Hinzu kommt Tadel an Münsters Wirken, wenn es um die Corona-„Spaziergänger“ und die „Querdenker“ geht: Während der Verfassungsschutz mittlerweile vor einer „Delegitimierung des Staates“ warne und entsprechende Bewegungen beobachte, seien polizeiliche Erfolge in diesem Spektrum kaum vorhanden. Münster sei da zu zögerlich.

Lob dagegen aus Polizei-Kreisen

In der Koalition wird in diesem Zusammenhang seit Längerem beobachtet, dass das Auskommen zwischen Münster und dem Präsidenten des sächsischen Verfassungsschutzes, Dirk-Martin Christian, sowieso nicht das beste ist. Dabei kann es durchaus eine Rolle spielen, dass Münster eine Zeit lang als Favorit für den Leitungsposten beim Verfassungsschutz gehandelt wurde. Am Ende setzte sich Christian durch.

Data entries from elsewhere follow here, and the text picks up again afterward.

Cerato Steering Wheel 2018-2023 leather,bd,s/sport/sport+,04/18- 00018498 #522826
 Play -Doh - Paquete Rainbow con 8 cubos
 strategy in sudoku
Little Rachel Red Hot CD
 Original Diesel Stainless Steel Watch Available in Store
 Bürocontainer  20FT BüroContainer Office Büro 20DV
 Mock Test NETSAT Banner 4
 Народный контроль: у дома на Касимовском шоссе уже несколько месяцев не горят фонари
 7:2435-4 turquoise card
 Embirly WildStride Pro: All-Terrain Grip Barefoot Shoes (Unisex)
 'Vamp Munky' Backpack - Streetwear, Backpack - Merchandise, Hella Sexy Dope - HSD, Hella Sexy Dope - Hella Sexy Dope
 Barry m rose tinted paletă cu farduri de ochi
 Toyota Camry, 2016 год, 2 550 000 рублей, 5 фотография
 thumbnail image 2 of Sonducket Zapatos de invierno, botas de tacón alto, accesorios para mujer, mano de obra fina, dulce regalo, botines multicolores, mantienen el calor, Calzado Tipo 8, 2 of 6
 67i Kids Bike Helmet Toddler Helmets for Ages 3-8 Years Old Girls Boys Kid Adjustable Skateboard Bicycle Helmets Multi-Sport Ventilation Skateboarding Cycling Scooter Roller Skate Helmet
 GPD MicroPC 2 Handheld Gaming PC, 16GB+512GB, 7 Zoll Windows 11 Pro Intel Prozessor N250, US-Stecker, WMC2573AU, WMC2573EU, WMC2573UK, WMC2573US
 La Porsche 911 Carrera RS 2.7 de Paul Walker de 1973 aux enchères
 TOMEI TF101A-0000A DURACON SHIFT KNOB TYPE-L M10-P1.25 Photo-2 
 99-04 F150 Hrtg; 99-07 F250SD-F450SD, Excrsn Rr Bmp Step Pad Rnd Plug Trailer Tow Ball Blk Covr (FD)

Während in der Landespolitik Münster als Schwachstelle in der sächsischen Sicherheitsarchitektur gilt, ist das Stimmungsbild in Sicherheitskreisen ein ganz anderes. „Münster ist der Einzige in Sachsen, der vom Staatsschutz Ahnung hat“, heißt es. Dabei wird auf seine Karriere und Expertise verwiesen. Münster war vor seiner Zeit im PTAZ unter anderem Leiter der Kriminalpolizeiinspektion in der Leipziger Polizeidirektion und Vize-Chef des einstigen Operativen Abwehrzentrums in Leipzig.

Lina-E.-Prozess soll wohl abgewartet werden

Die Demission Münsters ist nicht nur wegen des Zuspruchs aus den Reihen der Polizei heikel. Denn aktuell läuft der Prozess gegen Lina E. noch. Die Landesregierung hat kein Interesse daran, dass die linke Szene Münsters Abgang als eine Art Zugeständnis werten könnte. Schon gar nicht nach dem Banner mit den offenen Drohungen. Deswegen soll voraussichtlich der Prozess abgewartet werden, bevor der heutige Staatsschutz-Chef eine neue Aufgabe bekommt. Ein Urteil wird für Ende des Jahres erwartet.

Welche Aufgabe Münster künftig übernehmen könnte, steht anscheinend nicht fest. Immer wieder wird allerdings das Beschaffungswesen als nächste Station genannt. Dann würde sich Münster darum kümmern, dass die Polizei bestmöglich ausgestattet ist. Für einige in den Sicherheitskreisen hätte diese Aufgabe jedoch einen deutlichen Beigeschmack: Sie würde in erster Linie als Strafe empfunden.